Le 7 mai 2024 | Mis à jour le 12 juin 2024

Estelle Laporte expertise une gouache de Jean Hugo

par Magazine des enchères

Une gouache de Jean Hugo a été confiée à la maison de vente limougeaude Pastaud. Estelle Laporte, élève commissaire-priseur, nous propose de revivre l’expertise en direct de ce petit chef-d’œuvre, livrant ses observations et le fruit de ses recherches sous l’œil aguerri de son maître de stage, le commissaire-priseur Paul Pastaud. 

 

Les commissaires-priseurs en herbe, dont l’Association Nationale des Elèves Commissaires-Priseurs (ANECP) assure la cohésion, proposent deux fois par mois aux lecteurs du Magazine des enchères de revivre en direct un travail d’expertise mené à quatre mains dans les coulisses des salles des ventes. Aujourd’hui, c’est au tour d’Estelle Laporte, élève commissaire-priseur au sein de la maison Pastaud, de se prêter à l’exercice. Sous l’œil aguerri du commissaire-priseur Paul Pastaud, elle décrypte pour nous une gouache sur papier de Jean Hugo

 

Les premières impressions ?

Estelle Laporte : Je découvre cette œuvre lors de la préparation de la vente dédiée au mobilier et objets d’art, organisée chaque mois au sein de l’étude. Ce qui me frappe en premier lieu c’est sa taille. Cette gouache sur papier n’est pourtant pas si grande, elle mesure à peine 30 x 20 cm, mais elle fait partie d’un ensemble composé de six œuvres, toutes des gouaches, mais de tailles beaucoup plus modestes. A coté de ces miniatures, l’œuvre paraît d’une toute autre importance.

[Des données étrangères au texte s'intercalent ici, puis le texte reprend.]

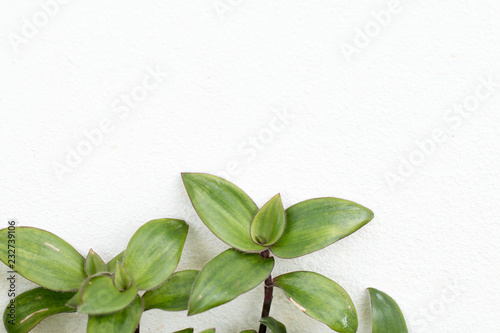 RIVER SPIDERWORT-SMALL LEAF SPIDERWORT in the garden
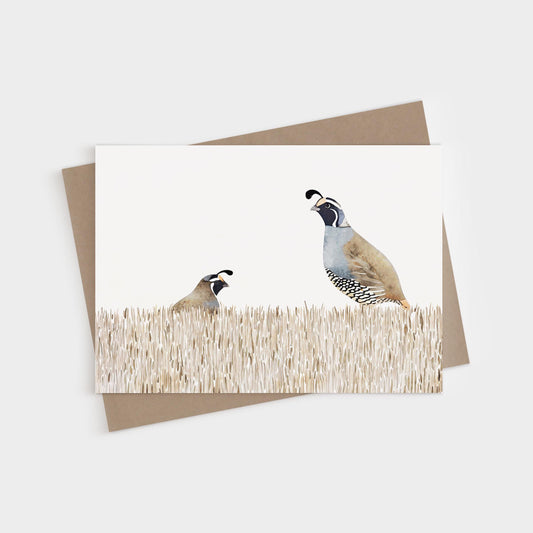 Minimalist greeting card featuring a watercolor illustration of two California quail standing in tall beige grass, one larger and one smaller, with a clean white background. Card is displayed with a brown kraft envelope.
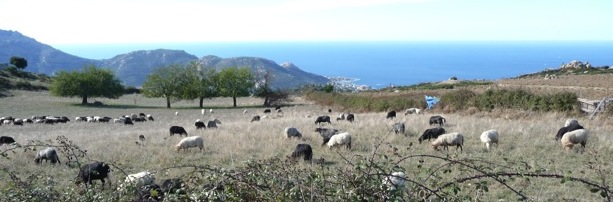 Des voitures à la place des brebis? (Photo U Levante)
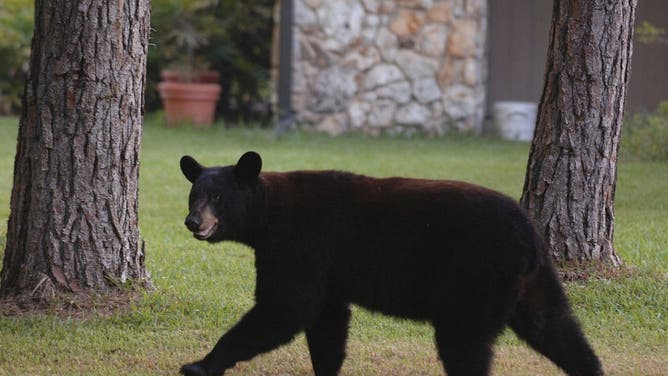 Florida bear file image
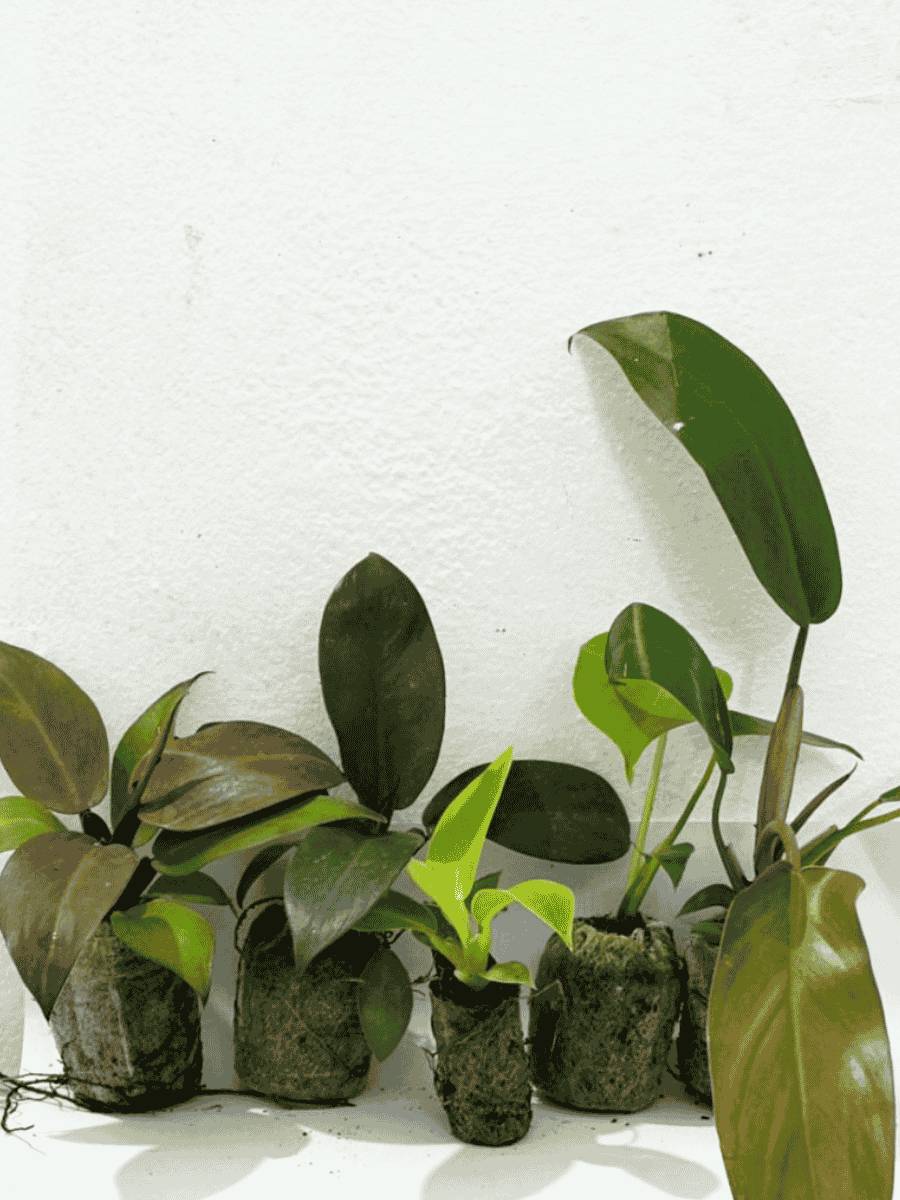Philodendron Combo 777 (Monstera deliciosa, Florida bronze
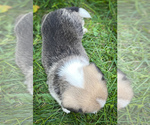 Small #1 Shorgi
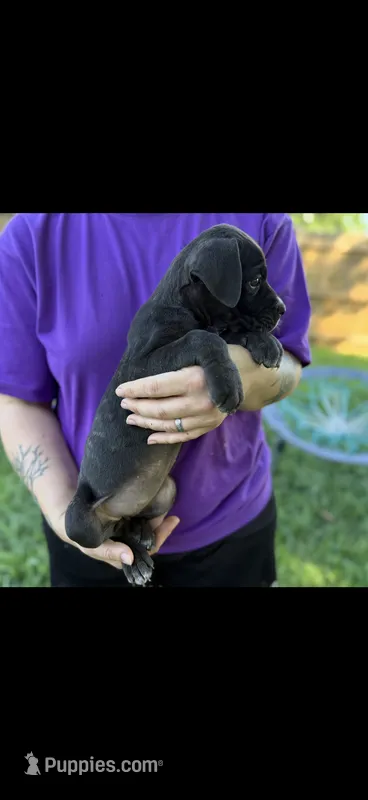 Kova Iccf registered  – Cane Corso puppy for sale in Saint Joseph, MO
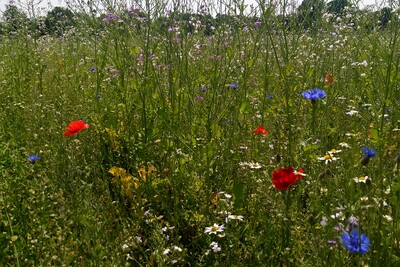 BF1_Mischung - © Janosch Hans BF1_Mischung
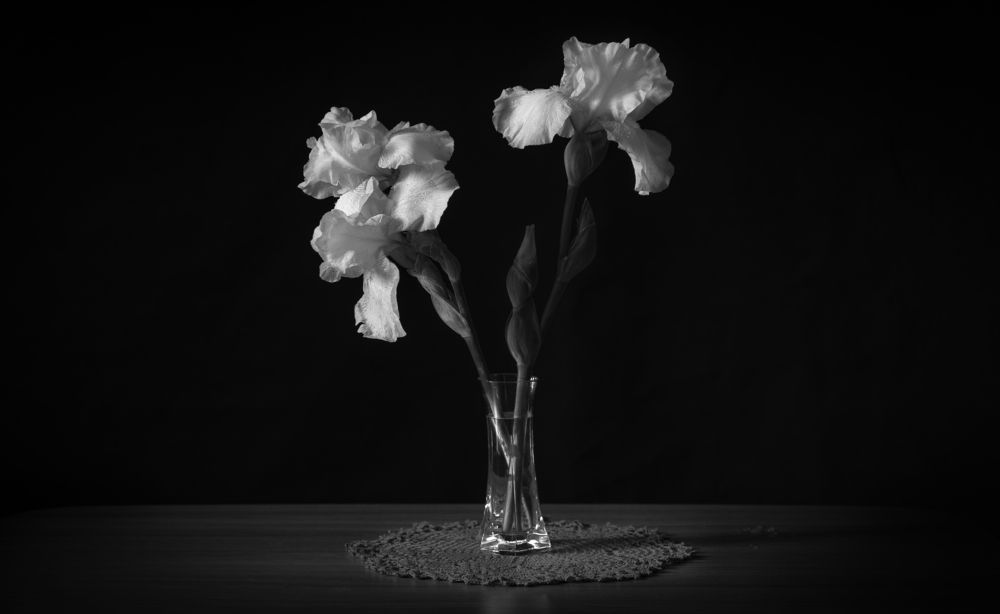 Фотография автора Vadim Svirin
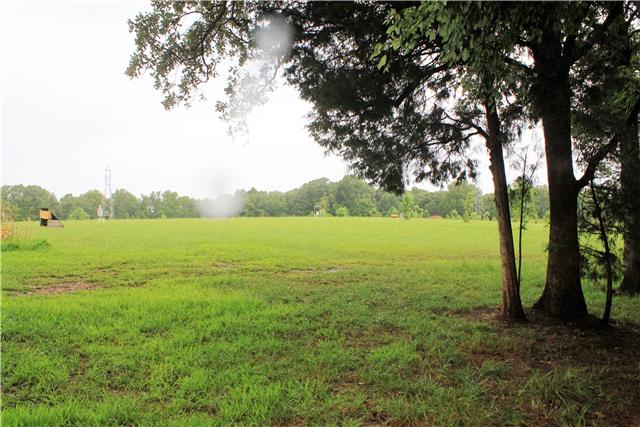 9879 Bud Quirrell Road Bon Aqua, TN 37025 - Photo 8 of 20 Gallery Image 8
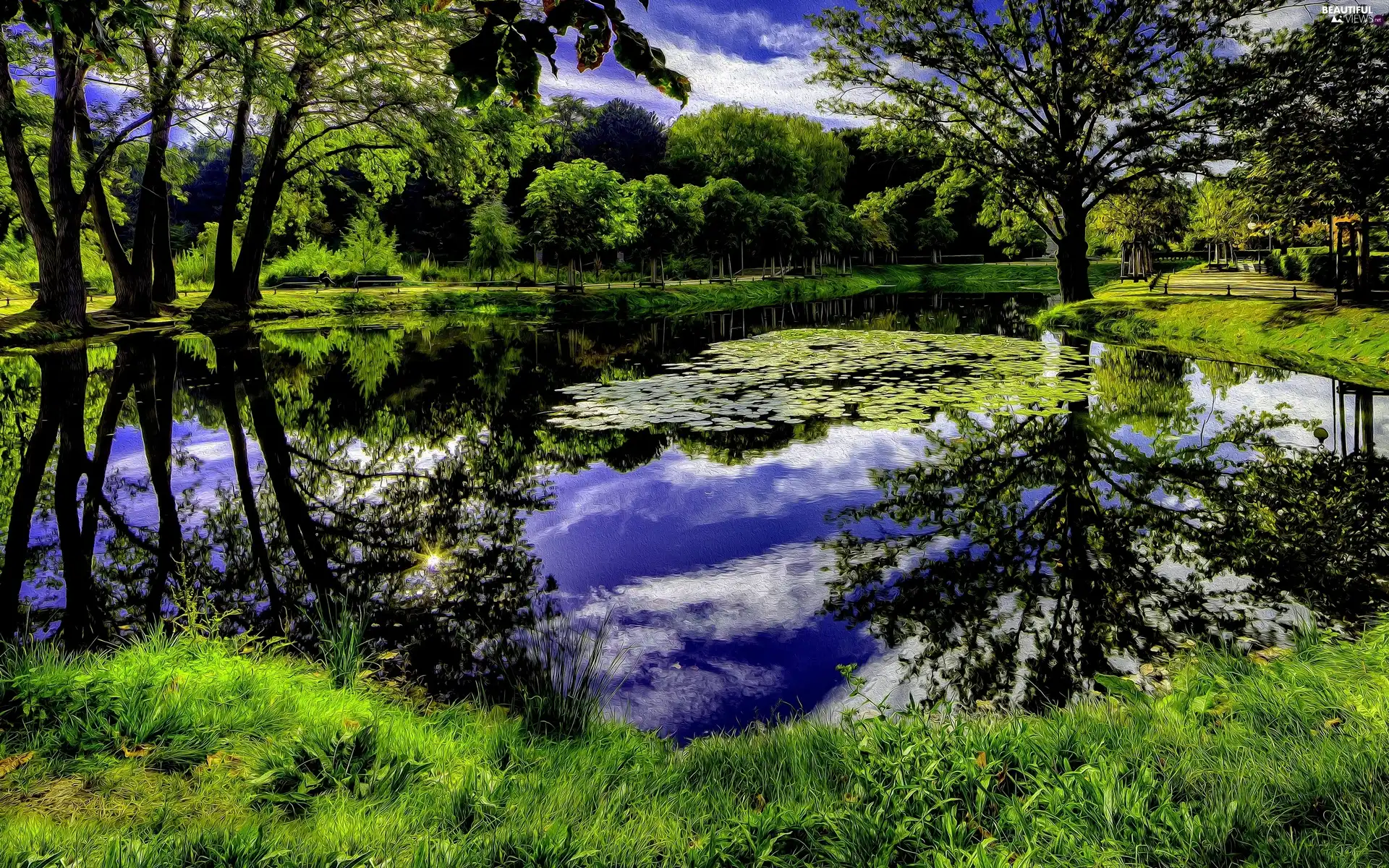 Park, green, Art, Pond - car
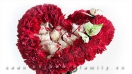 Hướng dẫn bó hoa hình trái tim tặng người thân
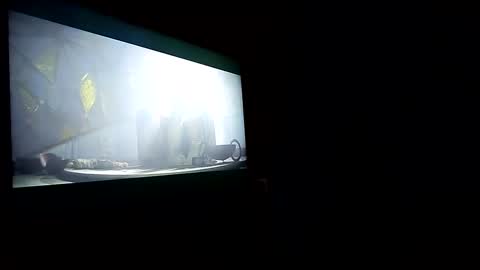 Snapshot of jayyjayyy6 chatting on February 28, 7:14 pm jayjay online show from February 28, 7:14 pm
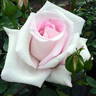 Hanayome rose photo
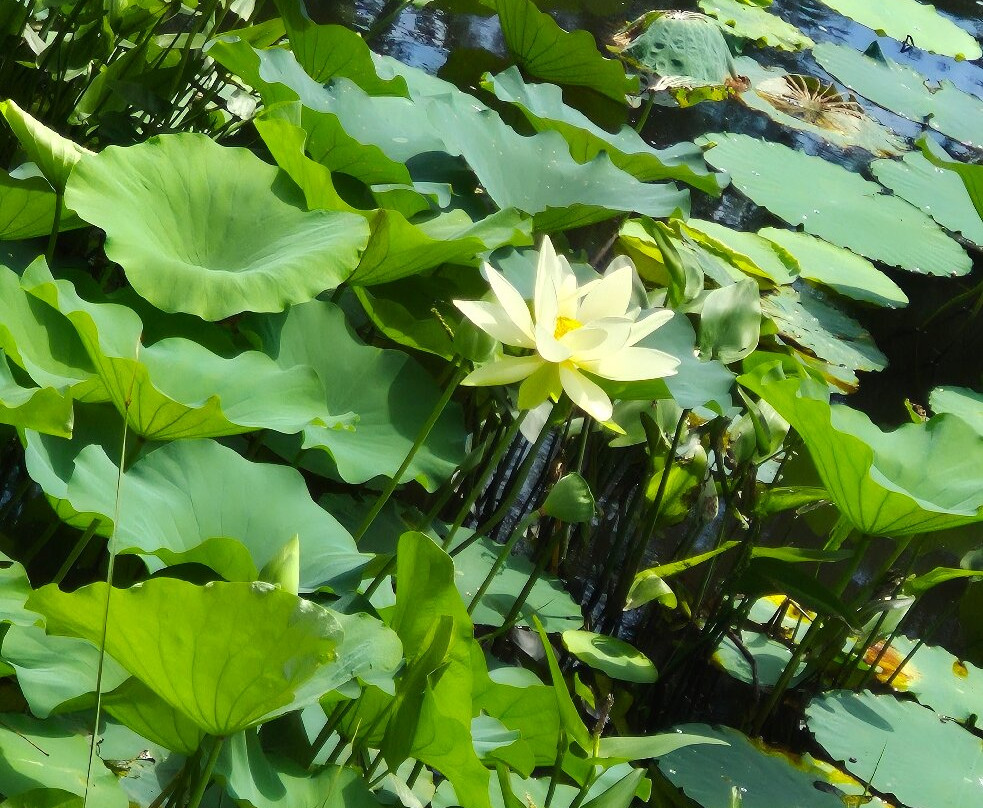 Downtown Cary Park-卡瑞必去景点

Paul Pastaud : Un regard enfantin se dégage de ce dessin presque naïf où les touches de couleurs animent les aplats de gouache et leur insufflent la vie. A l’image d’une œuvre du Douanier Rousseau ou de Moïse Kisling, l’éphémère se rapproche ici d’un moment que l’on voudrait éternel : un après-midi sur l’eau au milieu de la nature avec ceux que l’on aime. Rien de majestueux ni de solennel, juste un moment simple où l’on arrête de penser pour profiter de la magie de l’instant présent.

 

Jean Hugo (1894-1984), Le Thouet à la barque. Gouache sur papier signée en bas à droite. 25 x 30 cm. Adjugé 6 696 euros (frais inclus). 

 

Une signature ?

Estelle Laporte : L’œuvre est signée en bas à droite, dans le décor, du nom et prénom de l’artiste Jean Hugo (1894-1984), dont les peintures sont caractérisées par la simplification des formes et la saturation des couleurs. Jean Hugo est l’arrière-petit-fils de Victor Hugo, mais aussi le fils du peintre Georges Hugo, dont le travail a été mis en lumière lors d’une rétrospective organisée récemment à la Maison Victor Hugo. L’on imagine la difficulté que d’être le descendant de cette prestigieuse famille aux imposantes figures artistiques ! Jean Hugo fréquente d’ailleurs très tôt un cercle d’artistes et de poètes surréalistes, dont Paul Eluard, André Breton et Jean Cocteau. Il n’était pas seulement peintre, il a réalisé également de nombreux décors et costumes de théâtre, et il a illustré plusieurs livres.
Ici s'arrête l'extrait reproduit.